Il s'oppose au prévenu dans un débat public et contradictoire en étant soumis à des règles déontologiques particulières telles que l'interdiction de mentir ou de dissimuler des éléments qui pourraient affaiblir l'accusation, exigences qui ne s'imposent ni au prévenu ni à la partie civile. En exerçant des poursuites pénales, dans une démarche de recherche de la vérité, il défend en premier lieu la société sans animosité ou vindicte à l’égard de l’auteur de l’infraction. L’image du Procureur Maillard dans la pièce de Marcel Aymé « la tête des autres » appartient davantage à la littérature qu’à la réalité.
Il dispose en outre d'un pouvoir propre, celui d'apprécier l'opportunité de ne pas exercer l'action publique, quand, poursuivre une personne dans des circonstances particulières, peut engendrer un trouble social plus important que celui qui résulte de la commission de l'infraction.
Il possède enfin des attributions en matière civile et commerciale dont la finalité consiste à protéger les personnes les plus vulnérables et à garantir le respect de la loyauté dans le domaine des affaires.
C'est donc sous l'angle de la totalité de ces attributions que doit être appréciée son impartialité et celle-ci est indissociable des concepts de vérité et de défense de l'intérêt général. Il doit traiter de manière égale toutes les parties et ne pas être soumis à des pressions, de quelque nature qu'elles soient, qui le contraindraient à mettre son office au service d'autres intérêts que celui de l'intérêt public.
D'où la nécessité d'aligner son statut sur celui des magistrats du siège et de rompre le lien qui le rattache au pouvoir exécutif. On pourrait envisager de confier l'action publique à une autorité indépendante du gouvernement, ce qui mettrait fin aux suspicions d'intervention du pouvoir politique sur l'autorité judiciaire.
Les magistrats du parquet conserveraient la qualité de magistrat et, pour éviter au regard des apparences, toute confusion entre les fonctions du siège et celles du parquet, serait exclu le passage entre ces fonctions, sauf à prévoir un seul changement dans la vie professionnelle du magistrat.

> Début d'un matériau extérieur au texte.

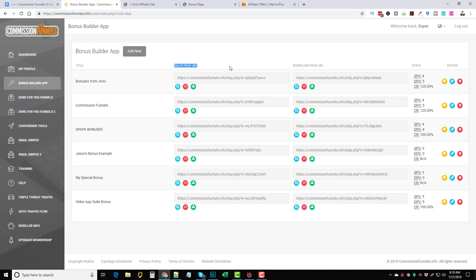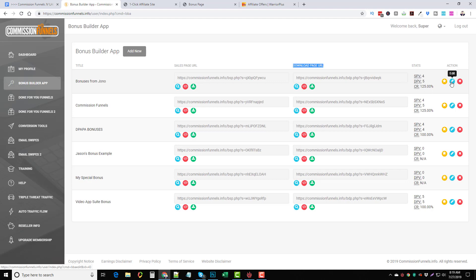Overall this is super easy to use. Under the funnels once you create them you can view the sales page, embed the sales page, download it, and you can see the sales page URL and the download page URL. You send them to the bonus page, they buy, and then they come to the download page to pick up their bonuses. Over here you can see your sales page views, download page views, conversion ratio, and options to edit or delete. This is Commission Funnels — a really good product if you want to build high-quality professional bonus pages without using WordPress or your own system, using their built-in hosting. I highly recommend it — check out my link under this video for details on pricing, upsells, and bonuses. Thanks!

Aujourd’hui les apparences et les arrêts de la Cour européenne des droits de l’homme donnent du poids aux thèses des partisans d’un détachement du Parquet du corps de la magistrature. Il se trouverait alors inévitablement entre les mains du ministre de l’intèrieur.Il suffirait de quelques changements, certes substantiels, pour qu’il ne soit plus soumis à l’exécutif. Dans la configuration nouvelle préconisée, en restant magistrats, les membres du parquet disposeraient d’une impartialité qui n’aurait rien à envier à celle des magistrats du siège.